Task prompt: The only acceptable output is every entry, printed exactly.

### Provided data

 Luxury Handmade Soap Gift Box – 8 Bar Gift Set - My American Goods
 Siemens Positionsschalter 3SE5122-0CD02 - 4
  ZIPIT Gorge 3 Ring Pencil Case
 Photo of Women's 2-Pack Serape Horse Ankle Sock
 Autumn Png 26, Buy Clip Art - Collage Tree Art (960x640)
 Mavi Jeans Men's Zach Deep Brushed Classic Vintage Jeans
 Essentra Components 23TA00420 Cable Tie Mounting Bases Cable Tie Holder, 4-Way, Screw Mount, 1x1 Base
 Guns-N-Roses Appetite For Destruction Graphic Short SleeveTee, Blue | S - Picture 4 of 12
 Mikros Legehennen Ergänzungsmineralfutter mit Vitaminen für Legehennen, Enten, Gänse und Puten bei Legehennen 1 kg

######

Response to this task:
 Luxury Handmade Soap Gift Box – 8 Bar Gift Set - My American Goods
 Siemens Positionsschalter 3SE5122-0CD02 - 4
  ZIPIT Gorge 3 Ring Pencil Case
 Photo of Women's 2-Pack Serape Horse Ankle Sock
 Autumn Png 26, Buy Clip Art - Collage Tree Art (960x640)
 Mavi Jeans Men's Zach Deep Brushed Classic Vintage Jeans
 Essentra Components 23TA00420 Cable Tie Mounting Bases Cable Tie Holder, 4-Way, Screw Mount, 1x1 Base
 Guns-N-Roses Appetite For Destruction Graphic Short SleeveTee, Blue | S - Picture 4 of 12
 Mikros Legehennen Ergänzungsmineralfutter mit Vitaminen für Legehennen, Enten, Gänse und Puten bei Legehennen 1 kg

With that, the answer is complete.